The protection and restoration of good quality habitat is essential when working to restore healthy native fish populations. The GFT has, for many years, been working across the waters of Galloway to identify degraded habitats and then working to undertake or encourage restoration measures to address the problems.
It is important to consider work programmes at a catchment level, particularly when looking for the causes of degraded habitats. Detailed catchment-wide habitat surveys (GFT has already completed full catchment surveys on many rivers in Galloway) help identify, describe and quantify the severity of degraded habitat. Information gained from the surveys allows a list of remedial works to be prioritised which considers where maximum benefit can be gained for the available spend.

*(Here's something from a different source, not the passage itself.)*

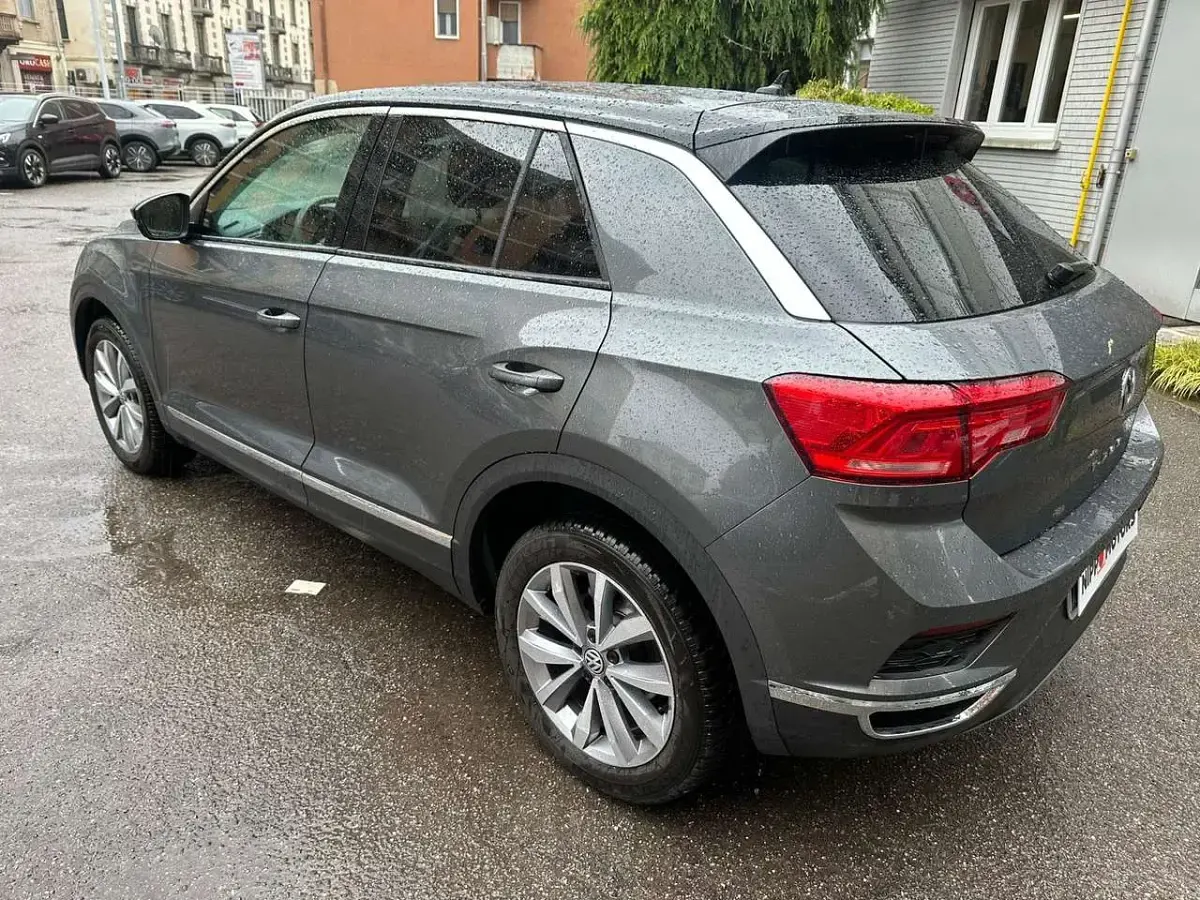 Usado VW T-Roc Style 150 CV (110 kW) 2019 Gris SUV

Restoration works can be divided into four main types:
1) Improving access for spawning fish: ensuring that spawning fish can access the maximum catchment area for spawning and juvenile habitat is essential. GFT has been working to remove or ease access over man-made barriers to fish migration. Nearly all such barriers have been addressed including breaching Lagafater Dam (Luce); removing a dam on the lower Water of App; fitting fish passes to several problematic bridge aprons (Luce, Cree); construction of a Crump weir (Cree); replacement of an Irish pipe bridge with a stressed timber bridge (Bladnoch) and installing a Denil fish pass (Bladnoch).
2) Improvement/construction of spawning beds: where spawning beds have been degraded or are limiting salmonid spawning potential, work can be undertaken to enhance or re-create spawning beds. Silted up spawning beds are a common problem which can be loosened or cleaned.

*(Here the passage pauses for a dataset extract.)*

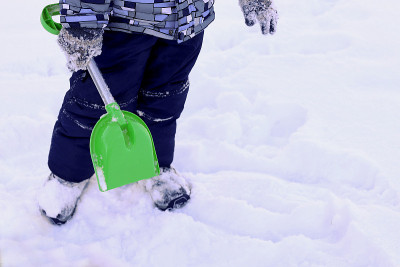 用铲子在雪里玩。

3) Improving instream habitat: the number of fish is closely related to the instream habitat quality. Instream habitats can be degraded by excessive siltation or dredging which has been carried out as part of a drainage scheme. Dredging is particularly damaging as it removes larger substrates and leaves wide, shallow, feature-less instream habitat. GFT has restored several heavily dredged burns and as recovery has continued, has recorded a substantial increase in fish numbers and species.

4) Improving riparian habitat: riparian management can have important benefits to the surrounding catchment. Watercourses can be damaged by excessive overgrazing by livestock, over shading by bankside trees or the presence of alien plant species. GFT has undertaken much work in managing riparian areas including installing bankside fencing, organising controlled grazing agreements, removal of riparian coniferous forestry and planting deciduous trees in the riparian zone.